What kind of owl laughs?—I guess maybe laughter applies to the bubbling hitch in their "who's" sometimes.
"She was no longer unimportant, little, old maid Valancy Stirling. She was a woman, full of love and therefore rich and significant—justified to herself. Life was no longer empty, and death could cheat her of nothing. Love had cast out her last fear."
For all its romance, the phrasing here emphasizes all the harsh realities of the sentiment. Love as social capital, as escape from poverty. Love as the snare that creates a woman as she exists in the world; love as what binds a person with womanhood, binds her to a man.
At the same time, though, I can't help but think about Courtly Love Undressed by E. Jane Burns, which cites "Throwing Like a Girl" by Iris Marion Young in its third chapter. The ideas I'm bringing up are moreso Young's, but the Burns book was my real introduction to the politics of heterosexual romance, even if the book itself is tied up (sewed up?) in the laughably nonsequitur topic of French courtly love song in the High Middle Ages. It treats on the many ways women, fictional and real, utilize clothing—gifting it, sewing it, donning it—as ways to move into a the position of "amorous subject" rather than fetishized object or mirror for a man's desire. And I think about that a lot. I think about becoming a subject that experiences the world rather than an object to whom things happen.
Becoming a subject is empowering, but it is also humiliating, as is described in tales of courtly love. Male suitors are wretched. They are often described (or describe themselves) as trapped or wounded by their female lover who spurns them. But the woman remains disadvantaged by her lack of interiority: often she wounds or kills her amors by doing nothing at all but be beautiful.
(Obviously this isn't always the case, or else Courtly Love Undressed wouldn't exist lol)
I'm sure there are nuances to this. But I am starting to fashion myself as an "amorous subject" these days, as someone who experiences all this humiliation, but also as someone who experiences the pride of unselfish feeling, the real delight of living in a body. The joy of being a woman looking away from herself.
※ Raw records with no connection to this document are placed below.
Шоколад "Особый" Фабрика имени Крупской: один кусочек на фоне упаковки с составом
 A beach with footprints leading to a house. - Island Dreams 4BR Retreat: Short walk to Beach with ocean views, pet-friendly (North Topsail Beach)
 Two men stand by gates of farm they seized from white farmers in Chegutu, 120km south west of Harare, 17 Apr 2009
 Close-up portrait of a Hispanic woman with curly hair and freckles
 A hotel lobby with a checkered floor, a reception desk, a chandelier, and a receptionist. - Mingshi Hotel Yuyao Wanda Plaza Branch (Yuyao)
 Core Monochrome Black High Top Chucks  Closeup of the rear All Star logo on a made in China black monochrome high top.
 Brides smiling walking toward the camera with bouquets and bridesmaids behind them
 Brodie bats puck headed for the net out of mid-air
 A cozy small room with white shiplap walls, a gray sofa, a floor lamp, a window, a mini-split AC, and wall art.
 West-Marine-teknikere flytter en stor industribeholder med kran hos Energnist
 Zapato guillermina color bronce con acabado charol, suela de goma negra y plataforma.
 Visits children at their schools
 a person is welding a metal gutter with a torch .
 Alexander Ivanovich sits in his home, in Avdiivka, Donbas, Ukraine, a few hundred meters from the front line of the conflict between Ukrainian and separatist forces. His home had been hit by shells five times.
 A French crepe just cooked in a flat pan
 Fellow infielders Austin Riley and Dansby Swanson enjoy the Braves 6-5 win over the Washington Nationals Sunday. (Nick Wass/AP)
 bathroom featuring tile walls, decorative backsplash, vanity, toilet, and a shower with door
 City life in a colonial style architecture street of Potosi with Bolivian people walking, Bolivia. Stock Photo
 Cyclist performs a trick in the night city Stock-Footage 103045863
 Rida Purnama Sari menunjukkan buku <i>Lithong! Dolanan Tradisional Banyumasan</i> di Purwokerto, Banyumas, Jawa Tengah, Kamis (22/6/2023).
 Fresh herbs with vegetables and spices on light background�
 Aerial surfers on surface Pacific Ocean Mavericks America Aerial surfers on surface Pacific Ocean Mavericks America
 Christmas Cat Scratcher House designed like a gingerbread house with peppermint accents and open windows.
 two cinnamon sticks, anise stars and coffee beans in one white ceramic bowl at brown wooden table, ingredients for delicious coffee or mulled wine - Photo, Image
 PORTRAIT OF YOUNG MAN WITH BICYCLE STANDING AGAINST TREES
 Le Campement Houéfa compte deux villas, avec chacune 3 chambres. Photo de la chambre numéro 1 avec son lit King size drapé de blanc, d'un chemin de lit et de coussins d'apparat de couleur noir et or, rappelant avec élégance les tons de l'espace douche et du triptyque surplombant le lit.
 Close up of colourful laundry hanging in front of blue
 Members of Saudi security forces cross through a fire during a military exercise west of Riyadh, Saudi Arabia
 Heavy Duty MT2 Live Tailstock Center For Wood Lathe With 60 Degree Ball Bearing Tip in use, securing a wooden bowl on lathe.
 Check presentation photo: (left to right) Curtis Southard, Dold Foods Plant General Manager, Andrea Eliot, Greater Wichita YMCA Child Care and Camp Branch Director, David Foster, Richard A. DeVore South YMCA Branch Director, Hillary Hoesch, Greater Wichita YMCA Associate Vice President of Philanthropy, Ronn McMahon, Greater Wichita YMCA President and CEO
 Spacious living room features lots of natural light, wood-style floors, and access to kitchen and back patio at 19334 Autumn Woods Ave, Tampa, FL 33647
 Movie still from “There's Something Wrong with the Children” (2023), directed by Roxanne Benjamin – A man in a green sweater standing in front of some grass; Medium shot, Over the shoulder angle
I want more than anything else to be loved and desired—but—isn't loving and desiring so much more fun, so much more fulfilling and exciting? It's hard work but it makes me feel like a person. It makes me feel real. And love is a complicated, political thing. Loving and otherwise feeling doesn't exist in a vacuum for anyone, and especially for women. But that subject position can be one facet of it, right?